◆ Work to be completed:
Pictures are to be left out, and only the lines below starting at the one with "Cheerful Chevron Baby" and ending at the one with "Honeylove Boldness tank" are to be reproduced, each exactly, both ends included.

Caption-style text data
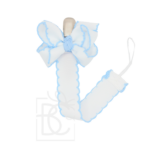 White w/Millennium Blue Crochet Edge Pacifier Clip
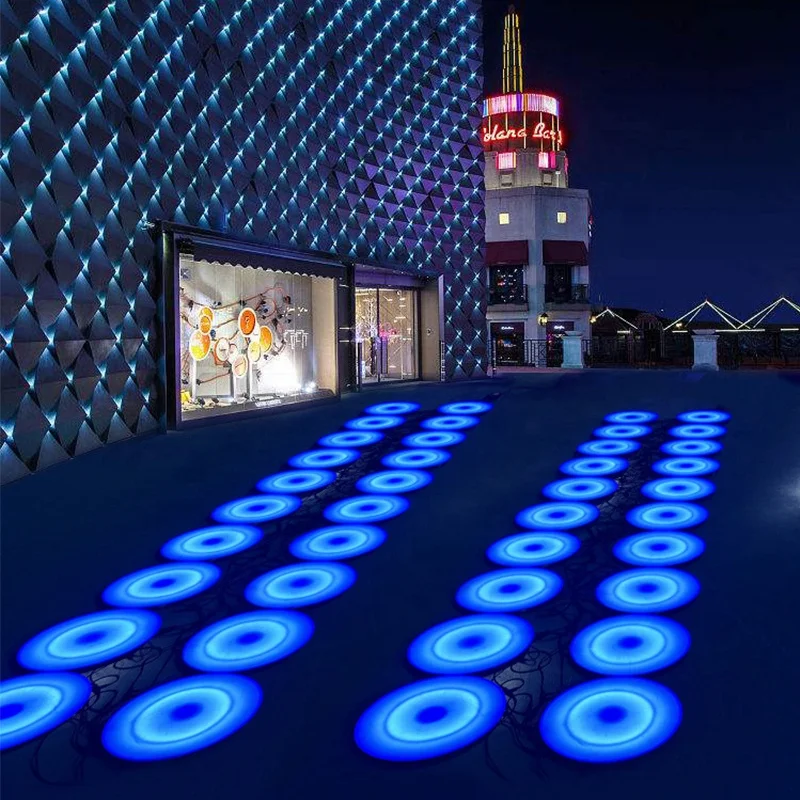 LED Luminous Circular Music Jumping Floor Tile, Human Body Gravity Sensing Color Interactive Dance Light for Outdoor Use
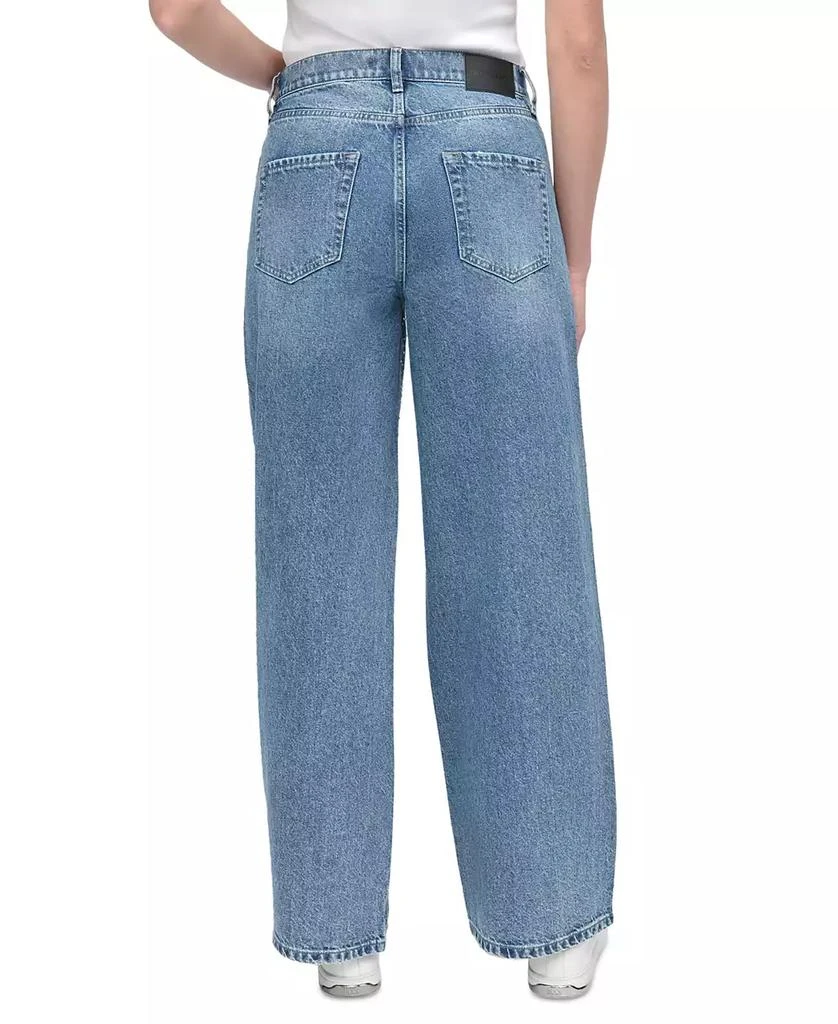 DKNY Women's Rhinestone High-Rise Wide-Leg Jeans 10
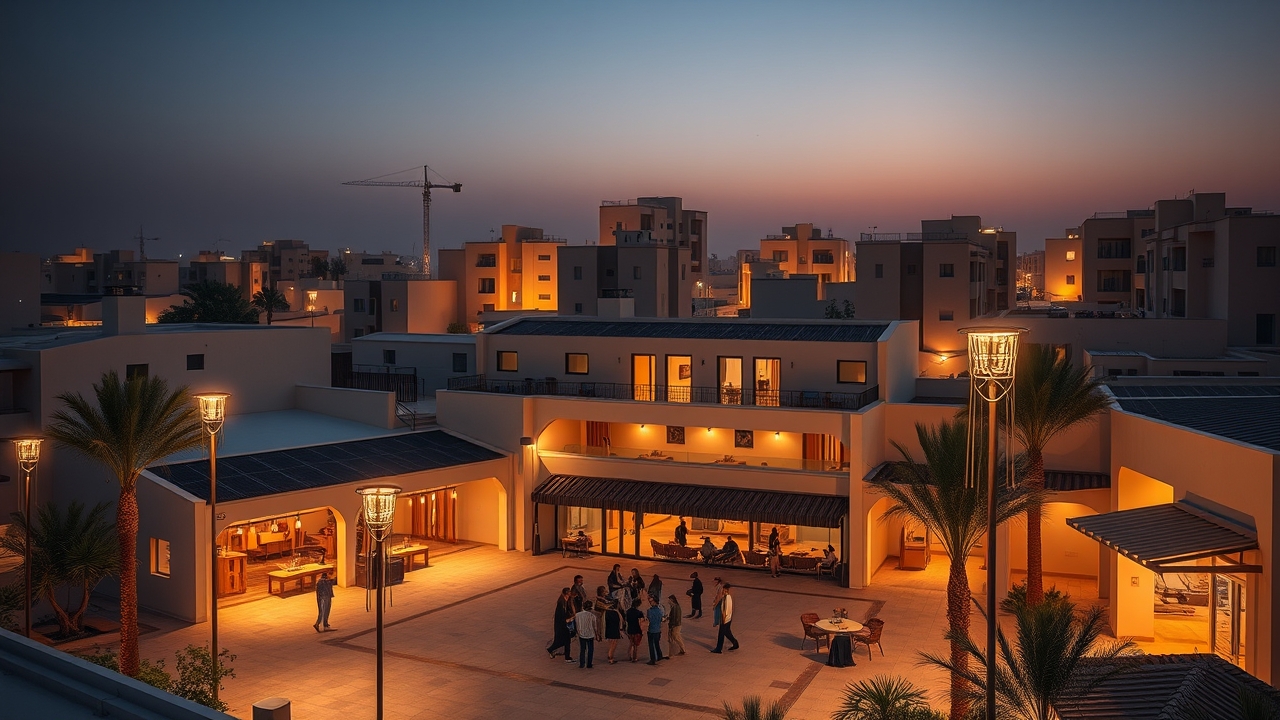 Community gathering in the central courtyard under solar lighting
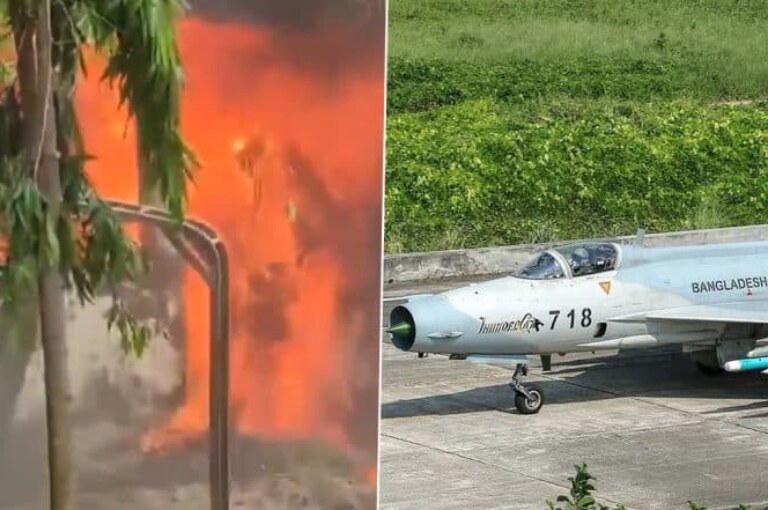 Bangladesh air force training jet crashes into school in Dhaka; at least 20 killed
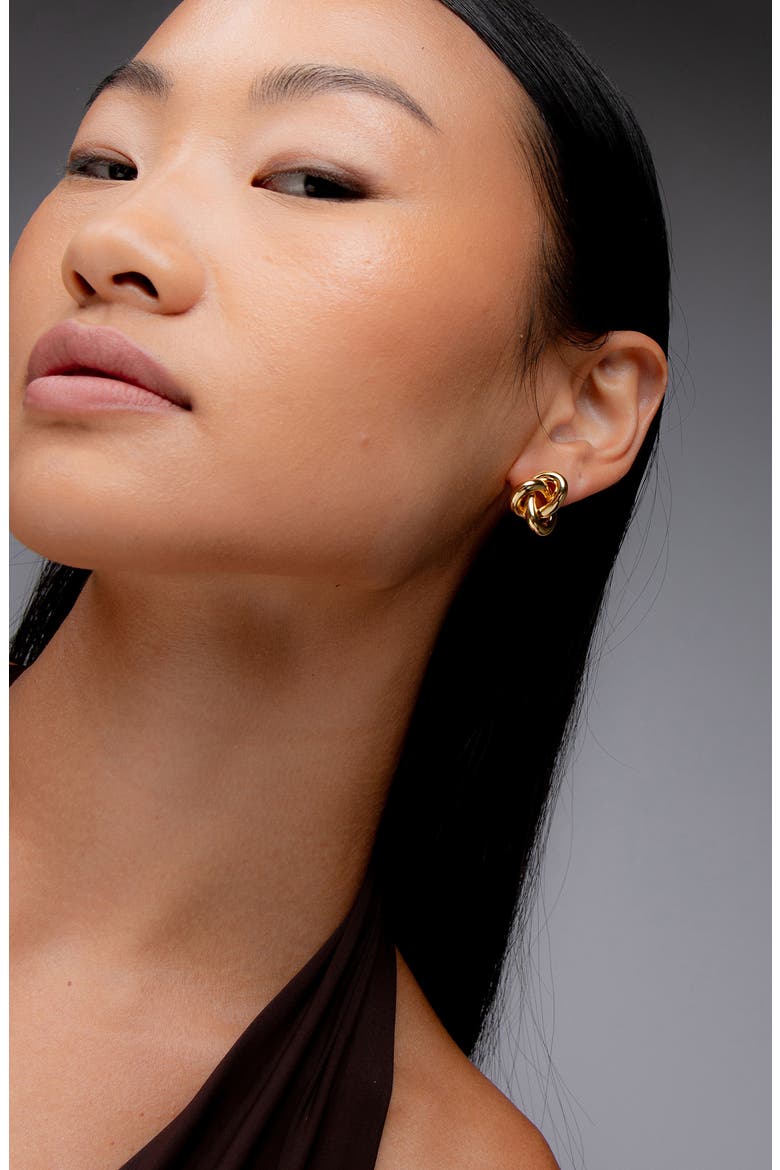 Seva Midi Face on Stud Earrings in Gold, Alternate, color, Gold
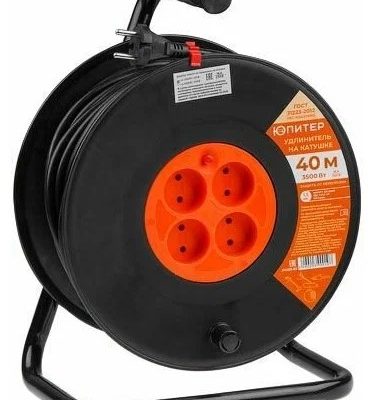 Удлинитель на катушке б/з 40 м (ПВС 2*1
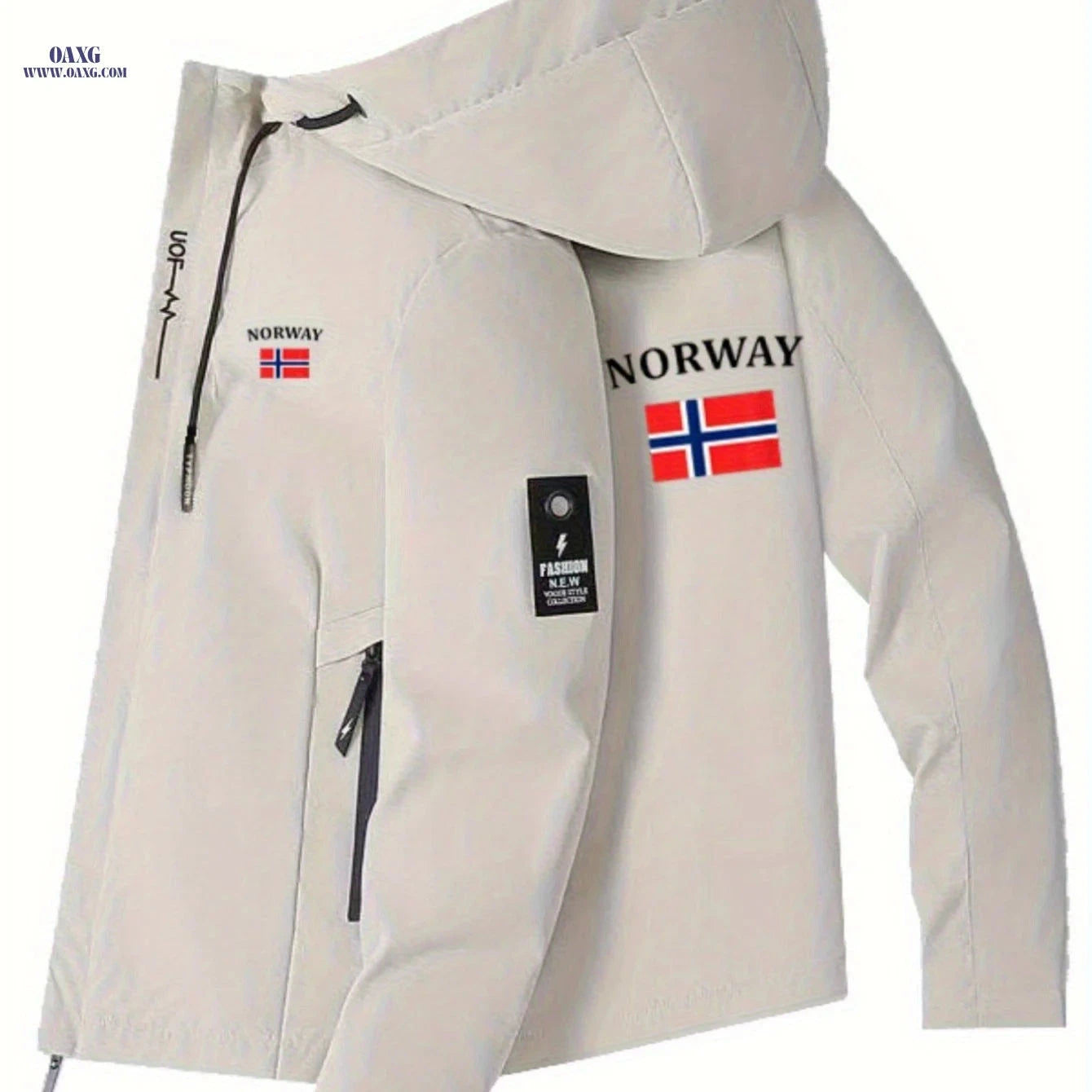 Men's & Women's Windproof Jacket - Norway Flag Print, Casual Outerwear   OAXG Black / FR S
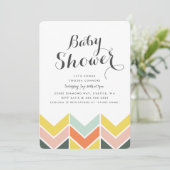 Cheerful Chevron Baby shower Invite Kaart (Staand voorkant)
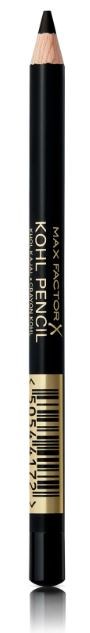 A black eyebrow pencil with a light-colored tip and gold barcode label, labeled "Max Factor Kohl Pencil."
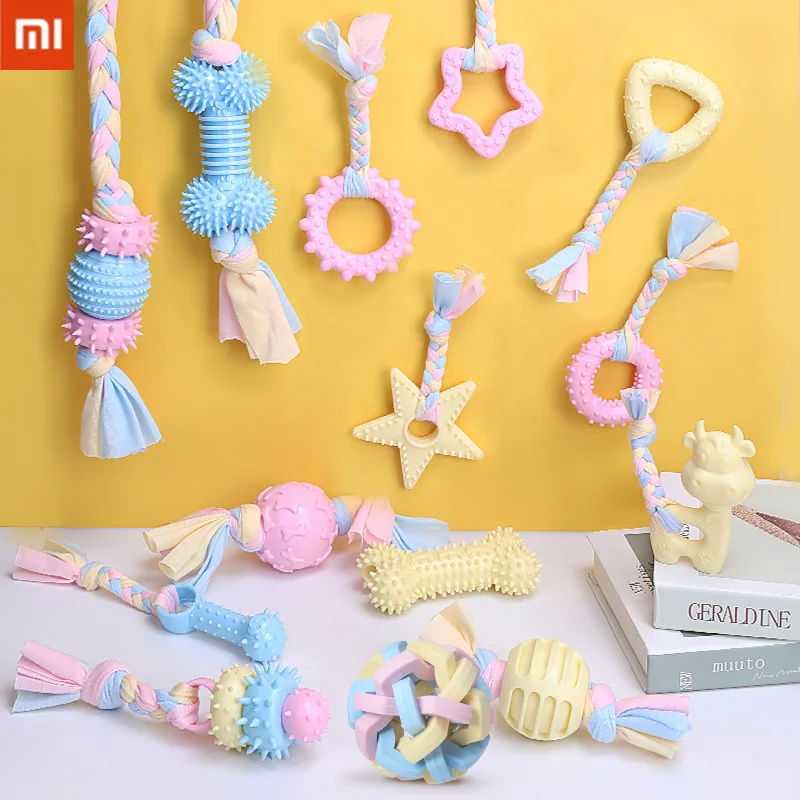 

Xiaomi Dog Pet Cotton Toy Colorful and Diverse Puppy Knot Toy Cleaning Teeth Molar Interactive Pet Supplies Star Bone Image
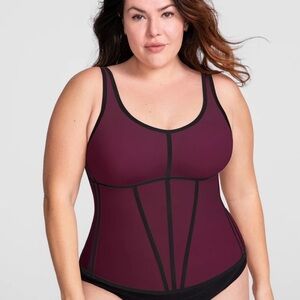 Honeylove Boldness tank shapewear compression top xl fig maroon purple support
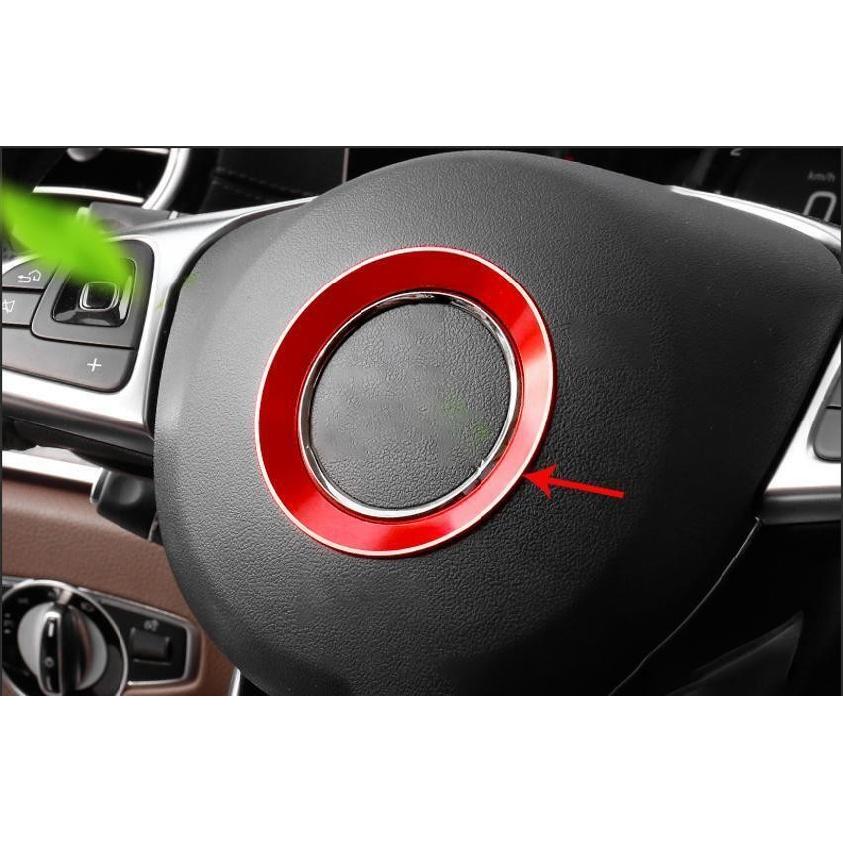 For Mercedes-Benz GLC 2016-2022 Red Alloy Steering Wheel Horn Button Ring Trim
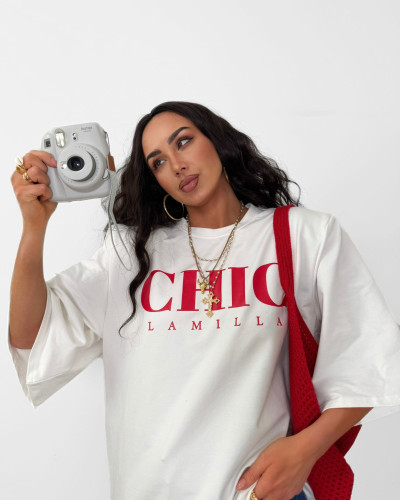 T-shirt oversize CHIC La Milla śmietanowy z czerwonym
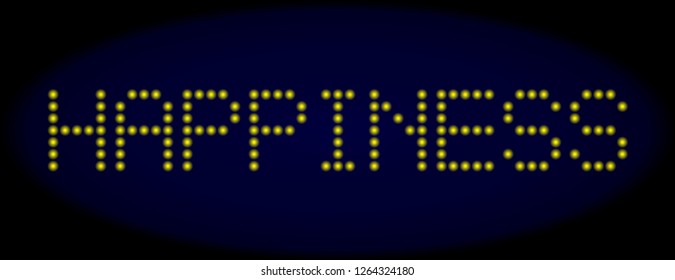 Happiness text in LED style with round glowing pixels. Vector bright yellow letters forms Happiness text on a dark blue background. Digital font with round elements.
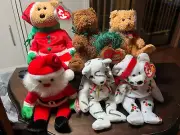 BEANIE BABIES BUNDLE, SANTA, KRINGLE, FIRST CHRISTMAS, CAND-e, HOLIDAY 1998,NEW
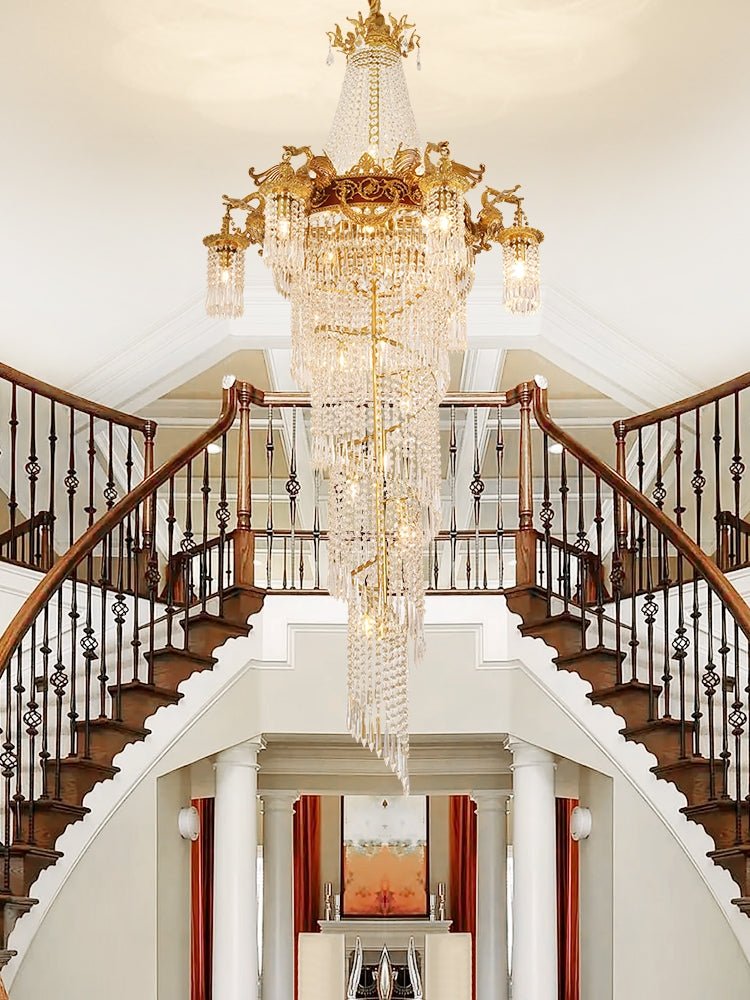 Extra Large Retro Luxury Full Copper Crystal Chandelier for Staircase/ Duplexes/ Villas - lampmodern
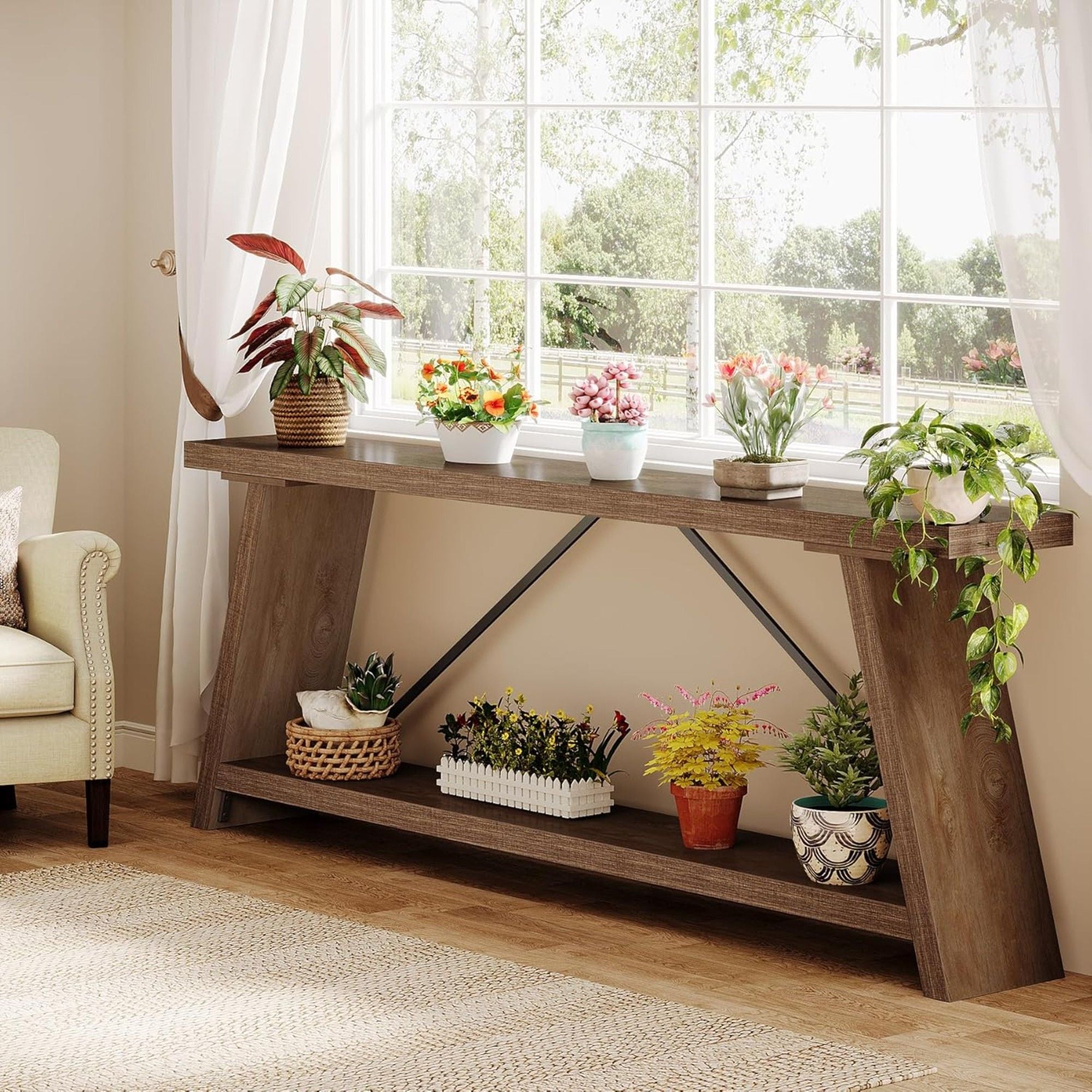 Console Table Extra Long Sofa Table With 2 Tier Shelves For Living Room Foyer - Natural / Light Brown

◆ Response below:
 Cheerful Chevron Baby shower Invite Kaart (Staand voorkant)
 A black eyebrow pencil with a light-colored tip and gold barcode label, labeled "Max Factor Kohl Pencil."

Xiaomi Dog Pet Cotton Toy Colorful and Diverse Puppy Knot Toy Cleaning Teeth Molar Interactive Pet Supplies Star Bone Image
 Honeylove Boldness tank shapewear compression top xl fig maroon purple support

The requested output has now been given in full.